In combination with a β-glucosidase, the spectrophotometrical assay can reliably quantify the specific C1- oxidation product of LPMOs acting on cellulose. It is applicable for a pure cellulose model substrate as well as lignocellulosic biomass. The enzymatic assay compares well with the quantification performed by HPAEC-PAD. In addition, we show that simple boiling is not sufficient to inactivate LPMOs and we suggest to apply a metal chelator in addition to boiling or to drastically increase pH for proper inactivation.
We conclude that the versatility of this simple enzymatic assay makes it useful in a wide range of experiments in basic and applied LPMO research and without the need for expensive instrumentation, e.g. HPAEC-PAD.

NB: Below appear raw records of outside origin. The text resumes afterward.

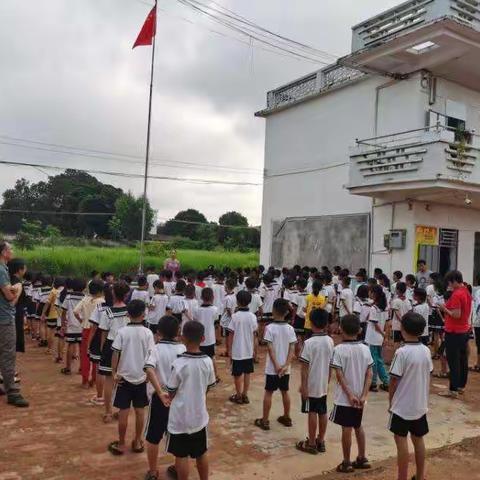 徐闻县城北乡北岭小学一年级少先队员入队仪式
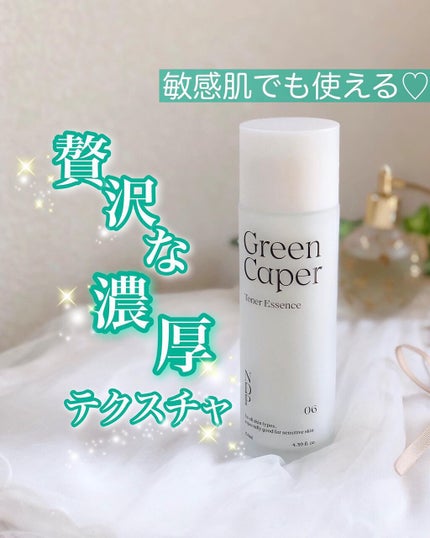 Green Caper Toner Essence/NATURAL DERMA PROJECT/化粧水を使ったクチコミ(1枚目)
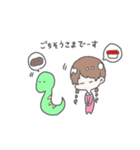 ゆるいどうぶつすたんぷ。2（個別スタンプ：8）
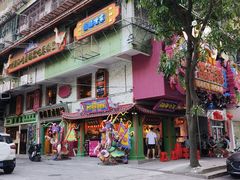 -春梅里卤鹅馆·47年老字号(中山路店)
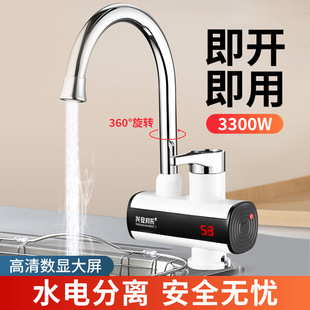 �N��ϴ���輴��ʽ늟�ˮ���^���ٟ�ˮ���^늼ӟ�N�����^�������^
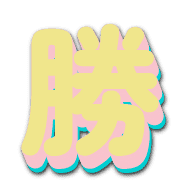303
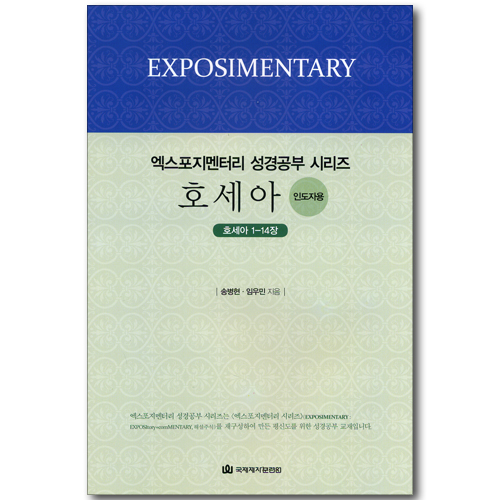 호세아 - 인도자용 (호세아1-14장 / EM 성경공부 시리즈)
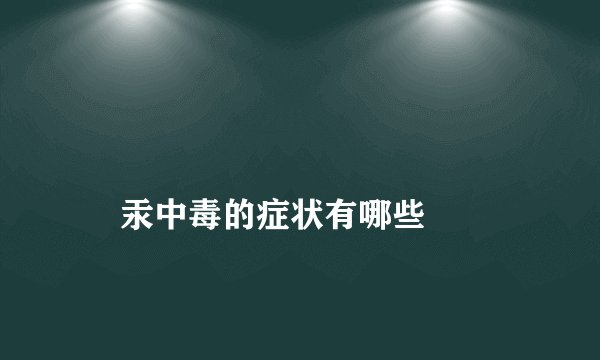 
    汞中毒的症状有哪些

KeywordsLytic polysaccharide monooxygenase (LPMO) Biomass degradation Quantification assay LPMO inactivation Cellulose oxidation Gluconic acid
Since their discovery, Lytic polysaccharide monooxygenases (LPMOs) have received considerable interest, due to their ability to boost the degradation of lignocellulose (Vaaje-Kolstad et al. 2010; Horn et al. 2012). LPMOs are mono-copper enzymes with the active site positioned on a relatively flat surface enabling them to interact with crystalline polysaccharides. The catalytic mechanism of LPMOs involves the reduction of the copper from Cu(II) to Cu(I) by an external reducing agent. Hereafter, the copper-active site of the LPMO reacts with either O2 or H2O2 (Walton and Davies 2016; Bissaro et al. 2017) and binds an activated oxygen species that enables the oxidation of the polysaccharide substrate. The oxidative cleavage of the β-1,4 glycosidic bonds can occur at the C1 or the C4 position or both, generating oxidized products, both soluble and insoluble (Quinlan et al. 2011). The soluble products are commonly detected by anion exchange chromatography coupled to a pulsed amperometric detector (HPAEC-PAD) (Westereng et al. 2013). It offers high sensitivity and provides detailed information about the product pattern but its limitations are the absence of commercially available reference compounds, time-consuming sample analysis, and costly instrumentation.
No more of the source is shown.